The honest summary, again from Preet’s slide: AI is not plug-and-play. It requires intentional design and ongoing calibration. The model is the cheap part. The thinking around the model is the work.
A foundation that works on integrity has to take this seriously. Five principles shaped how the system handles data:
- · No sensitive donor data flows through the AI. The agent sees public signals plus internal context notes — written deliberately, not pulled from a CRM.
- · Inputs are public or controlled. News, LinkedIn, newsletters; or text Preet has chosen to put in.
- · Every output is reviewed by a human before anything reaches a prospect.
- · The AI’s boundaries are explicit. It doesn’t decide; it doesn’t send; it can’t access anything the human hasn’t given it.
- · An internal AI policy documents the above so it’s not reliant on any one person remembering it.

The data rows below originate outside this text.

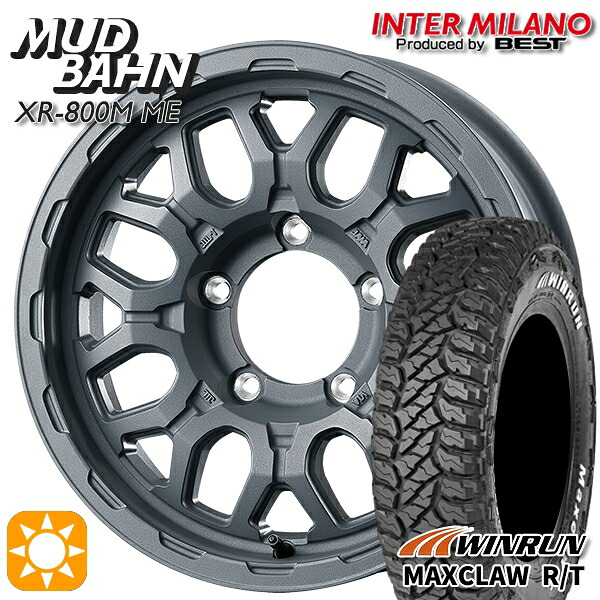 ジムニーJB23/64 185/85R16 105/103N ウィンラン マックスクロウ R/T ホワイトレター インターミラノ マッドバーン XR-800M ME チッピンググレー（CGY）16インチ 5.5J 5H139.7 +20 サマータイヤホイールセット｜タイヤホイール激安王国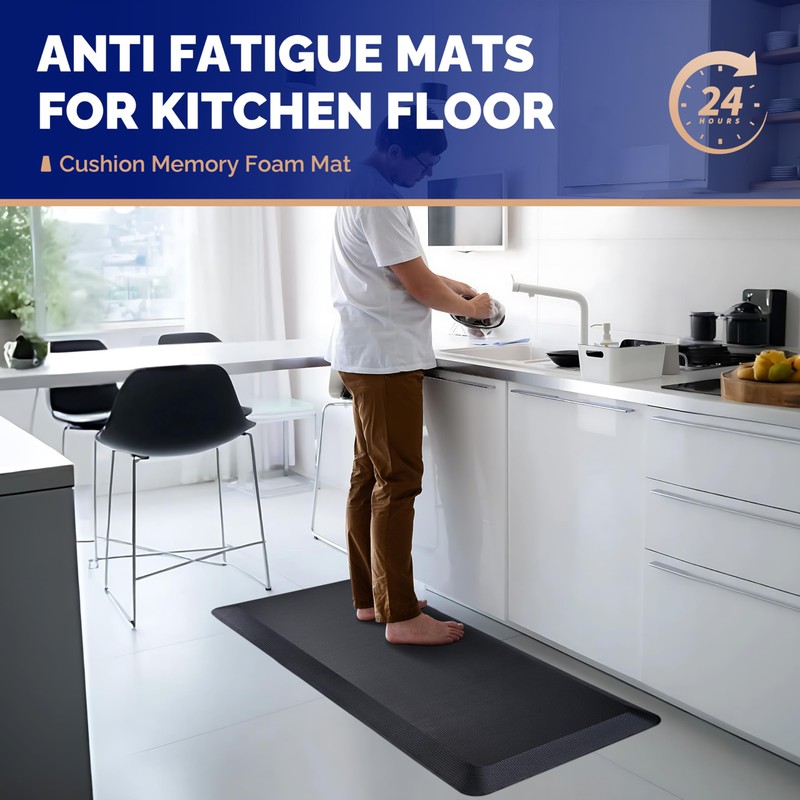 FEATOL 2 Packs Anti Fatigue Mat for Kitchen Floor Thick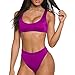 Dixperfect Two Pieces Bikini Sets Swimsuit Low Scoop Crop Top High Waisted Cheeky Bottom (L, Hot Pink)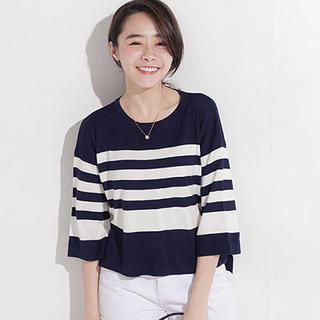 CatWorld 3/4-Sleeve Dip-Back Striped Knit Top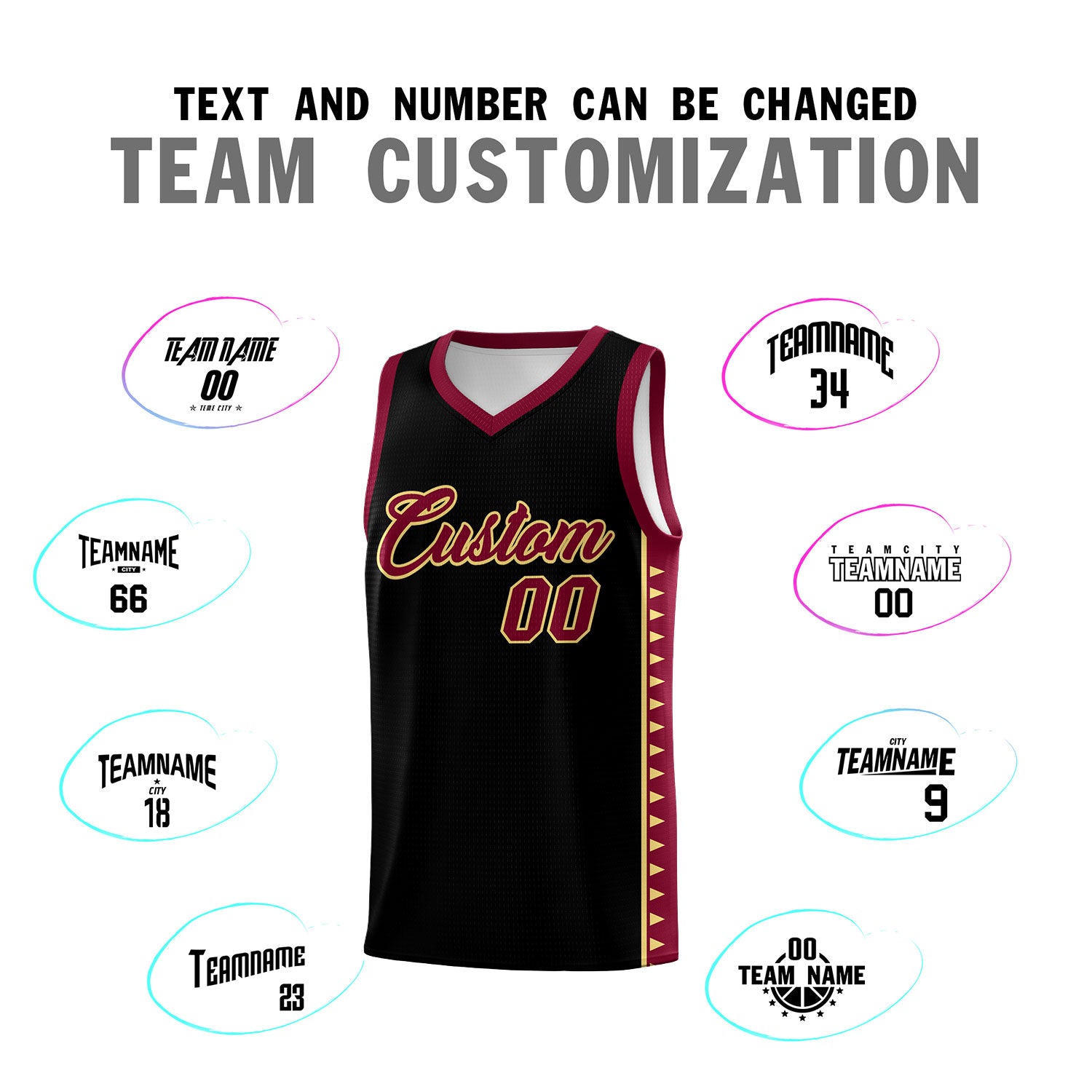 Custom Black Crimson Basketball Kits With Side Zigzag Pattern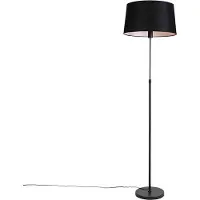 QAZQA Gulvlampe sort med sort linnedskærm 45 cm justerbar - Parte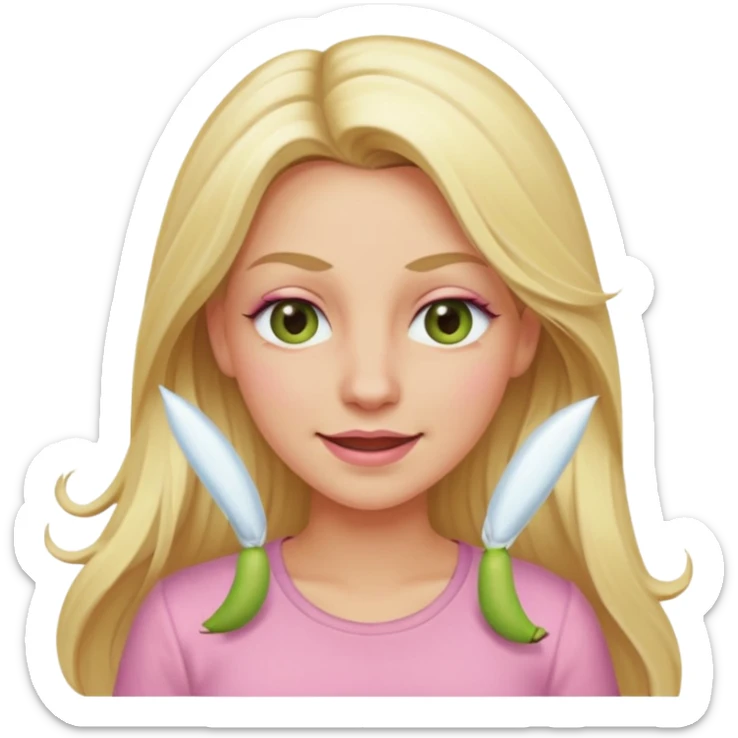 blonde with long hair and swamp-colored eyes, wearing a pastel pink shirt, winking, iOS Apple emoji style sticker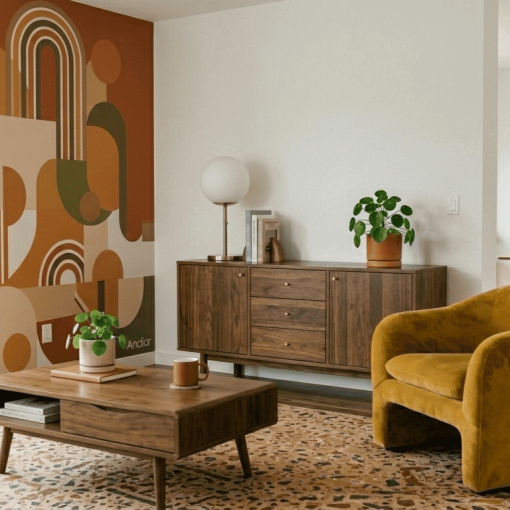 Salón moderno con vinilo de pared estilo años 70 y muebles de madera de calidad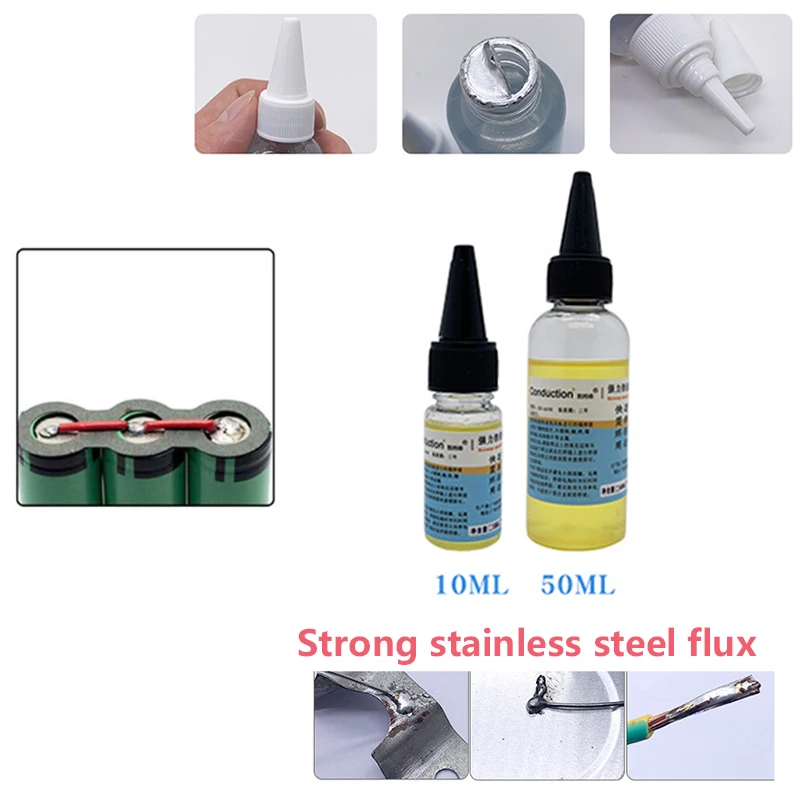 

10/50ml Stainless Steel nickel Copper Liquid Flux Welding Solder Non-toxic Flux Liquid Solder Water Liquid Solders Welding Flux
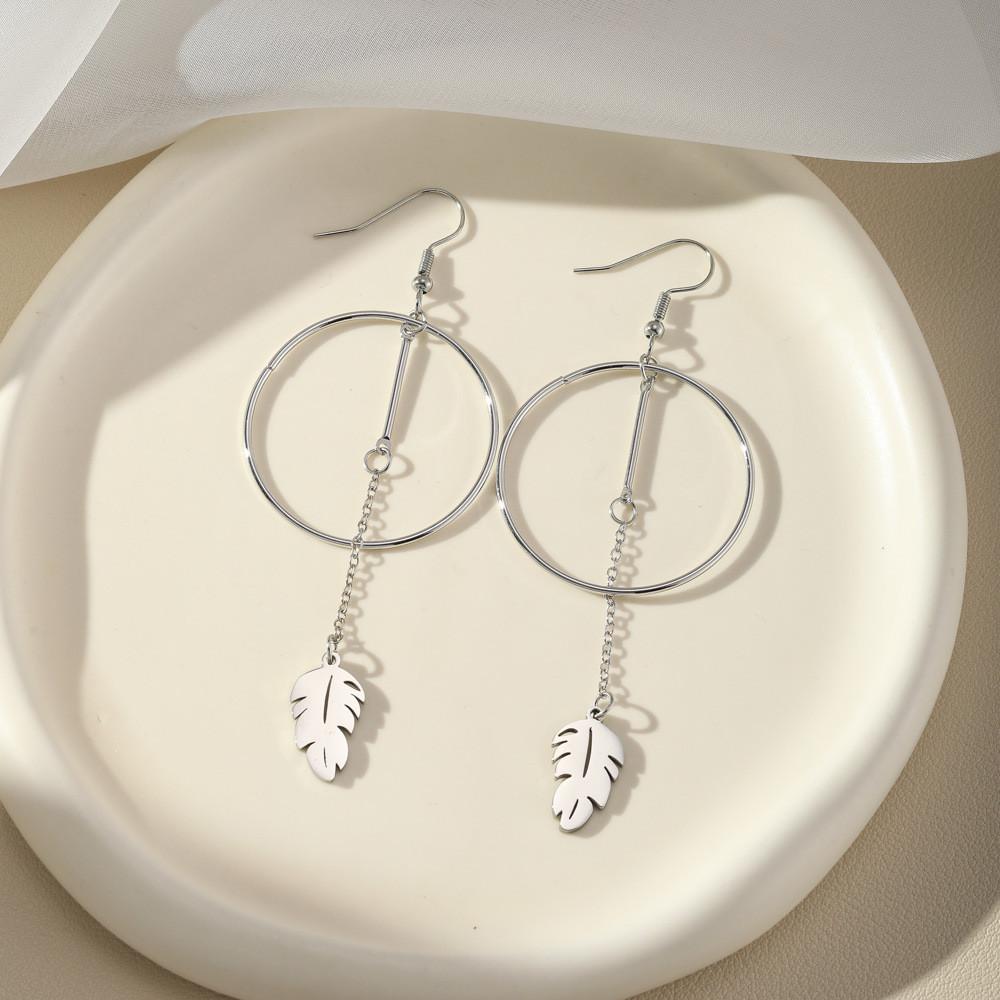 Oversized Stainless Steel Earrings With Leaf Feather Tassels Geometric Design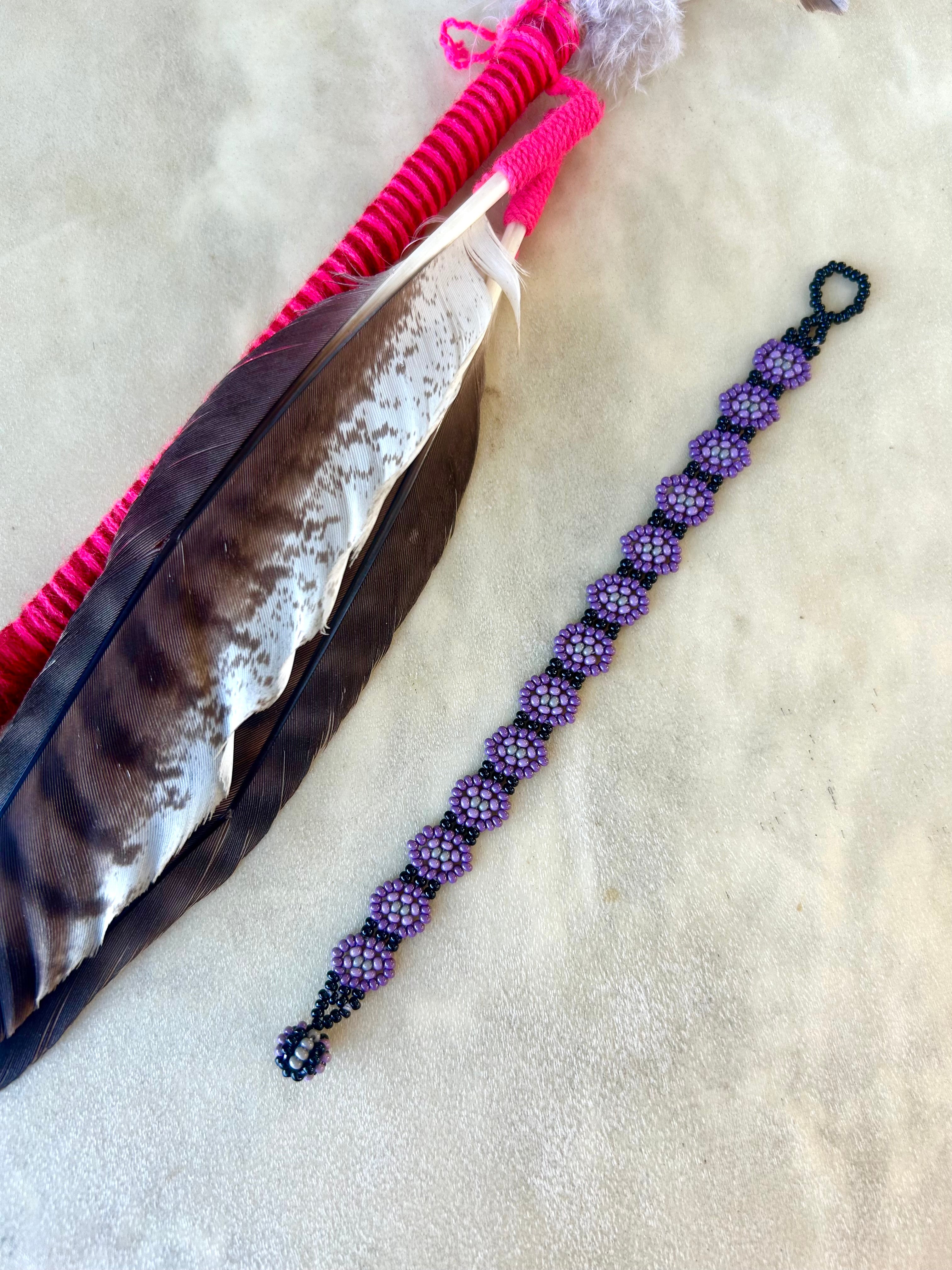 Margaritas Bracelet - Purple Huichol Beadwork Bracelet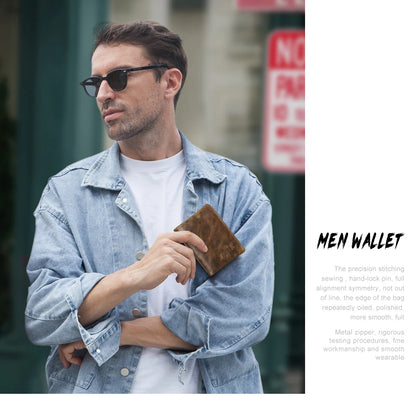 Herren Echtleder Geldbörse Vintage Kartenhalter Fotohalter Münzfach Reißverschluss Geschenk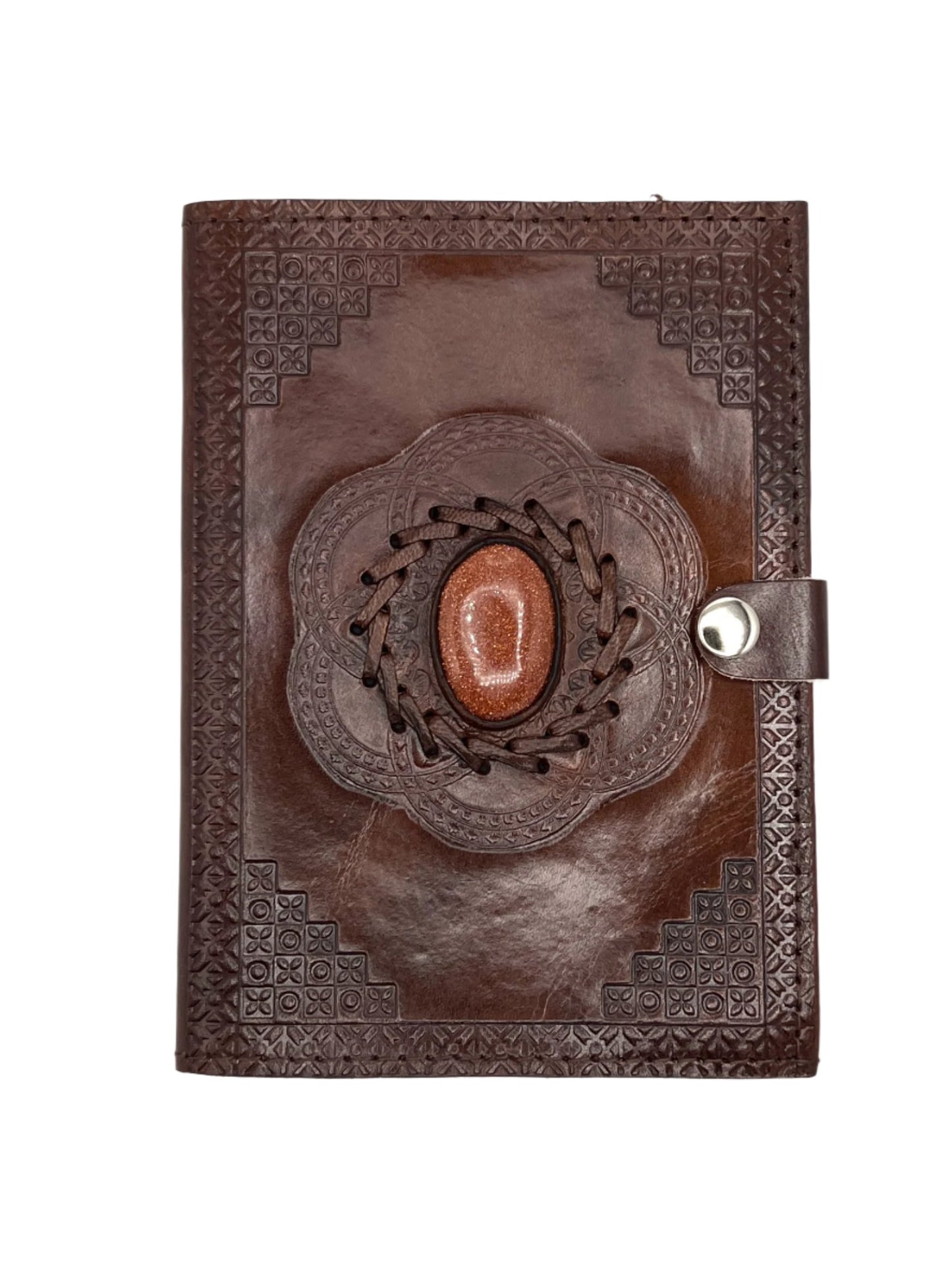 Camel Leather Gemstone Journal | Lotus | 7" x 5" x 1/2"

Safety by design. Trust by default.
The pattern — watch a list, filter for meaningful change, surface only what matters, draft something to act on — generalizes well beyond donor outreach. The same shape works for:
- · Content creation — drafting newsletter copy from research notes
- · Research & insights — summarizing what’s happening in a sector
- · Donor engagement — what we’ve described
- · Meeting support — preparing briefs from public information
- · Strategic planning — surfacing trends across a portfolio
- · Operations efficiency — automating low-value triage so humans can do high-value work
The Allard Prize system is one application of this pattern. Most nonprofits have at least three.
The system isn’t finished. Preet and the team are working in three directions:
- · System expansion — applying the same pattern to adjacent functions, starting with social-media content drafting.
- · System refinement — sharpening the donor-intelligence loop with better criteria, sharper scoring, and more useful briefings.
- · Internal ownership — running and improving the system in-house, rather than depending on outside help indefinitely.
That last point is the framing they put on it themselves: Building capability, not dependency. AI for nonprofits isn’t a project you ship and walk away from. It’s a relationship you maintain with a tool that’s powerful, fallible, and getting better only if you make it.
- Start with constraints, not tools. Map the work first. The right AI use case will be obvious; the wrong one will look obvious too.
- Build something small that respects judgment. A tool that drafts outreach for human review is a different beast from a tool that sends it.
- Bias the system toward restraint. If your AI’s default is to do something, it will do too much.
- Keep the data legible. Google Sheets are not a limitation — they’re a feature. Anyone on the team can audit what the system saw and what it concluded.
- Budget time, not just money. The dollars are small. The thinking is the cost.